Lungo la Rue Quarante (Viale Quaranta) nel centro di N’Djamena, capitale del Ciad, si susseguono diverse palazzine che ospitano la vita nascosta di tantissime bambine e ragazze al soldo di potenti uomini d’affari.

Attratte dalle campagne del sud con la promessa di lauti guadagni per lavori domestici, sottopagate e spesso abusate sessualmente, le giovani si ritrovano coinvolte in un traffico che le utilizza finché servono. Sempre buone per essere rivendute sul mercato del miglior offerente.

Come quello di Doba, città petrolifera a sud del Ciad, dove le ragazzine portano braccialetti di diverso colore a seconda della disponibilità o meno all’acquisto. Carne umana a listino. Alcune finiscono su rotte interne, altre sono smistate fuori dal paese per andare a rimpolpare il circuito internazionale della tratta.

E’ proprio contro questo sistema di mercificazione e compravendita di esseri umani, in maggioranza donne (per l’Unodc, l’ufficio Onu per il controllo della droga e la prevenzione del crimine, su dieci vittime della tratta cinque sono donne e due ragazze) che lotta Talitha Kum (in aramaico “alzati”), la rete della vita consacrata, celebrando oggi la VII giornata mondiale di preghiera contro la tratta di persone.

Giornata speciale nel giorno della memoria della schiava Josephine Bakhita, santa sudanese, venduta cinque volte sui mercati della tratta fino all’incontro liberante con Gesù Cristo che la porta ad abbracciare la vita religiosa.

E’ prevista oggi una maratona online di preghiera dalle 10 alle 17 che si può sostenere rilanciando l’hastag #PrayAgainstTrafficking e si attende un messaggio di papa Francesco ispirato al tema di questa giornata: “Economia senza tratta di persone”.

Perché per lottare contro questo fenomeno non basta reprimere il crimine ma serve andare alle cause profonde per riconoscerle e smantellarle: un sistema economico neoliberista che mette al centro il profitto e non le persone umane, leggi migratorie che non tutelano i più fragili e una cultura maschilista del patriarcato per lo sfruttamento sessuale che è molto radicata in diverse società.

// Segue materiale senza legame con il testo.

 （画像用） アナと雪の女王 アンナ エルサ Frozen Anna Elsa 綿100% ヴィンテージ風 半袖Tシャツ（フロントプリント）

La questione economica sta particolarmente a cuore a papa Francesco che ha invitato nel novembre scorso i giovani economisti da ogni angolo del mondo a riflettere e lavorare sull’Economy of Francesco. Quello del Forum di Assisi è un modello alternativo di economia inclusiva, circolare, solidale e sostenibile, rispettosa della persona, delle culture, dei poveri e dell’ecosistema.

Capace di vincere l’economia neoliberista predatoria che saccheggia le risorse del pianeta e fa i soldi sulla pelle della gente a livello globale: un mercato, quello della tratta, da oltre 150 miliardi di dollari. Traffico che, nonostante un rallentamento dovuto alla pandemia, sa riproporsi velocemente seguendo altre strategie: dalle strade d’Europa alle case private e sulle piattaforme online. In Italia quasi duemila vittime all’anno ricevono assistenza dalle ong.

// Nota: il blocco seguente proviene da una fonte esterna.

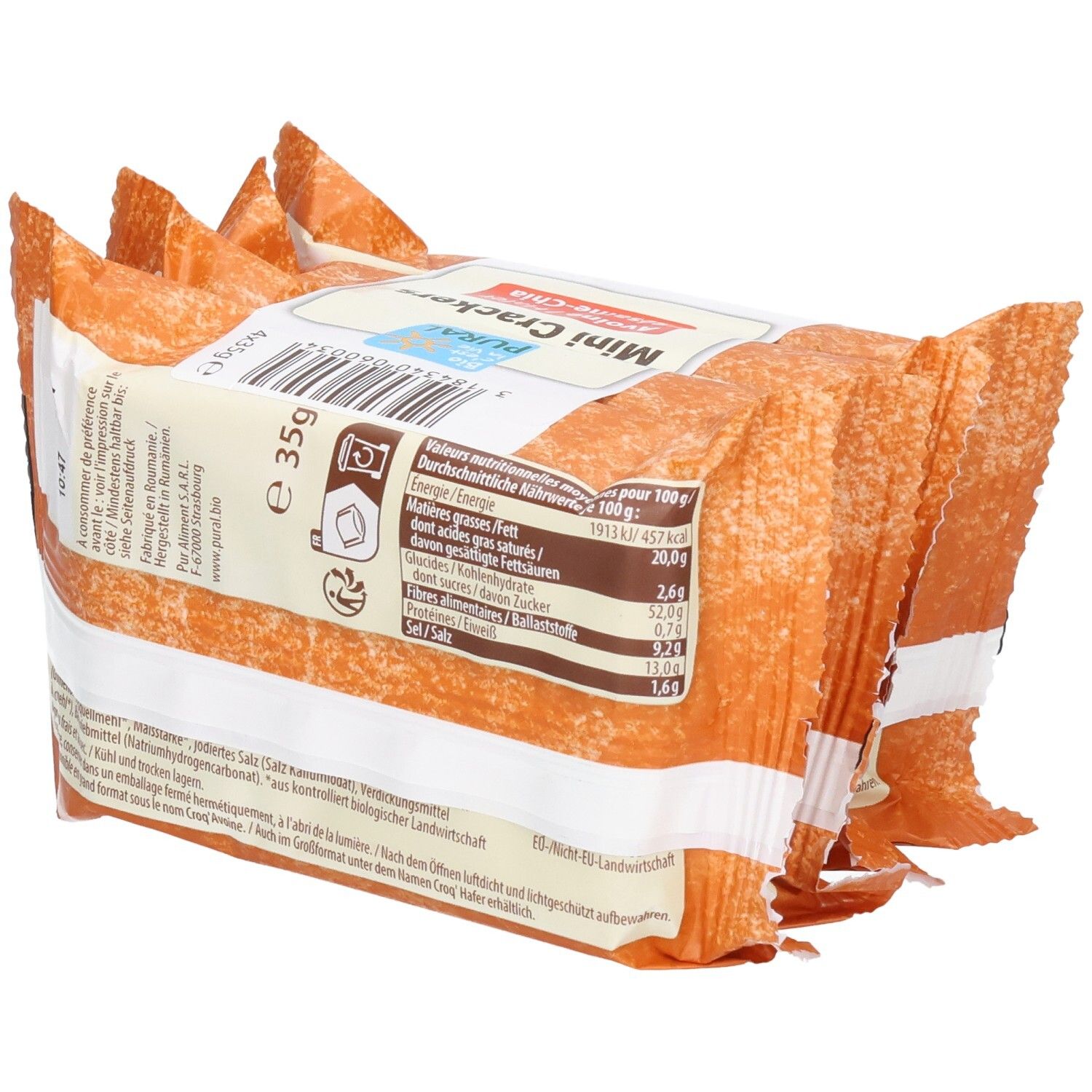 Pural Mini Crackers Hafer, Sesam & Chia: Rückseite der Verpackung mit Nährwertangaben und Zertifizierungen.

Molto sta cambiando anche nelle Afriche dove il fenomeno si concentra soprattutto in Nigeria e nel Corno d’Africa e si snoda attraverso rotte interne e interregionali. Un lavoro di capillare sensibilizzazione e coscientizzazione può fare la differenza, come spiega a Nigrizia suor Gabriella Bottani, missionaria comboniana e coordinatrice della rete Talitha Kum, impegnata in prima linea a difendere le vittime:

La chiesa è in campo ma non basta. Urge minare alla radice e da diverse prospettive la mentalità che i corpi altrui, di solito i più poveri e vulnerabili, si possano utilizzare a pagamento. E riaffermare la convinzione che non esistono sulla terra corpi di diverse serie e importanza. A quando la fine di questo apartheid somatico?